La Loi visant à restreindre l’esclavage témoigne également d’un changement croissant des mentalités à l’égard de l’esclavagisme en Amérique du Nord britannique et contribue aux balbutiements du mouvement antiesclavagiste au Haut-Canada. Toutefois, elle ajoute à la complexité du statut social des personnes noires dans la province. Des centaines de personnes noires réduites en esclavage, suivant la conception de l’esclave-chose, sont estimées être des biens personnels et n’ont aucun droit ou liberté. Certaines personnes noires libres (moins de 50), principalement des loyalistes noirs, sont des hommes qui ont servi dans l’armée britannique lors de la Révolution américaine et ont été libérés pour leur service. Ils ont légalement des droits en tant que sujets britanniques, mais ces droits et libertés sont limités par des barrières raciales. De plus, grâce à la Loi, le Haut-Canada compte rapidement des sujets noirs nés libres. Au même moment, de petits afflux de réfugiés fuyant l’esclavage aux États-Unis commencent à entrer dans la province. En somme, des personnes de descendance africaine aux statuts contradictoires coexistent, parfois au sein d’une même famille.

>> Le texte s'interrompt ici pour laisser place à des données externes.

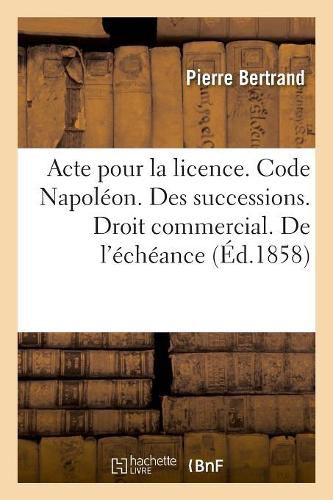 Cover image for Acte Pour La Licence. Code Napoleon. Des Successions. Droit Commercial. de l'Echeance: Droit Administratif. Procedure de Demandes En Decharge Ou Reduction de Contributions Directes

La Loi visant à restreindre l’esclavage et la Loi sur l’abolition de l’esclavage mettent la table pour la prolongation du chemin de fer clandestin au nord, jusqu’au Canada. Comme les personnes réduites en esclavage en quête de liberté deviennent libres à leur arrivée au Haut-Canada, de nombreux Afro-Américains réduits en esclavage font le difficile voyage vers le nord. Les statistiques exactes en la matière ne sont pas connues, mais on croit que 30 000 réfugiés pourraient avoir fui l’esclavage aux États-Unis pour trouver la liberté au Canada par le chemin de fer clandestin ou par leurs propres moyens. La popularité du chemin de fer atteint son apogée entre 1840 et 1860, particulièrement après l’adoption de la Loi des esclaves fugitifs, adoptée par les États-Unis le 10 septembre 1850.

Termes clés

Abolitionniste - une personne qui souhaite rendre l’esclavage illégal. (Voir aussi Esclavage des Noirs au Canada.)

Conception de l’esclave-chose - suivant la conception de l’esclave-chose, une personne noire est traitée comme un bien personnel qui peut être acheté, vendu ou légué. (Voir aussi Esclavage des Noirs au Canada.)

Serviteur sous contrat - une personne qui est embauchée pour travailler afin de rembourser une dette.